Son gant effleura la poignée. La simple idée que d'autres insectes eussent esquissé ce geste lui donna un haut-le-cœur. Une odeur de transpiration l'agressa lorsqu'il pénétra dans la salle, mêlée à celle d'eau de Cologne dont s'aspergeaient bon nombre de ces créatures puantes. Diable ! Ils empestaient ! Pourquoi employer ainsi à excès leurs flacons de parfum ? Ils n'avaient qu'à pas dégager de tels arômes de sueur. Lui n'avait aucun besoin de ces choses pour sentir bon ; son corps ne transpirait pas et diffusait, en prime, un délicat effluve mentholé qui soulageait son odorat torturé.
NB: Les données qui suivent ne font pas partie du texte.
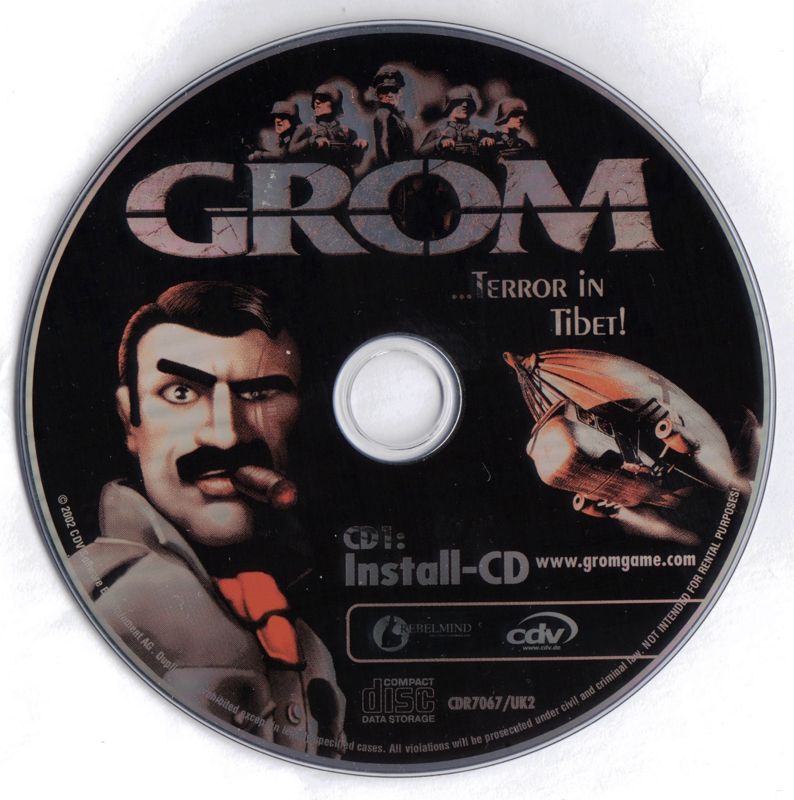 Media for GROM: ...Terror in Tibet! (Windows): Install Disc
Il s'assit sur le banc le plus éloigné des étudiants présents. Il n'approcherait pas cet infâme groupement aligné sur les premiers rangs de l'amphithéâtre. Il s'affala sur la table et se cala le plus confortablement possible pour tenter de rattraper le sommeil dont il manquait cruellement.

C'était peut-être l'une des rares choses qu'il avait encore en commun avec son protégé. Ne pas parvenir à dormir, s'éclipser dans un monde de cauchemars pour quelques heures à peine, se réveiller en sursaut, en nage et en sueur. Craindre d'y retourner, de s'abandonner au confort de l'oreiller, de peur de replonger dans les mauvais rêves. Développer une terreur inconsciente de la nuit, y associer les sentiments de désarroi, de faiblesse, de désespoir et d'effroi. Ne plus se reposer malgré le corps qui hurlait son besoin de s'assoupir.

L'Ange et l'Homme partageaient leurs insomnies faites des pires émotions. Chacun se battait contre lui-même, dans une vaine tentative de s'en sortir. Mais toujours, leurs hantises les rattrapaient. La mort, le manque, la solitude, l'amour perdu, le cœur brisé, fortifié, tel un coquillage refermé... tout s'unifiait pour ne plus former qu'un unique amas de douleur.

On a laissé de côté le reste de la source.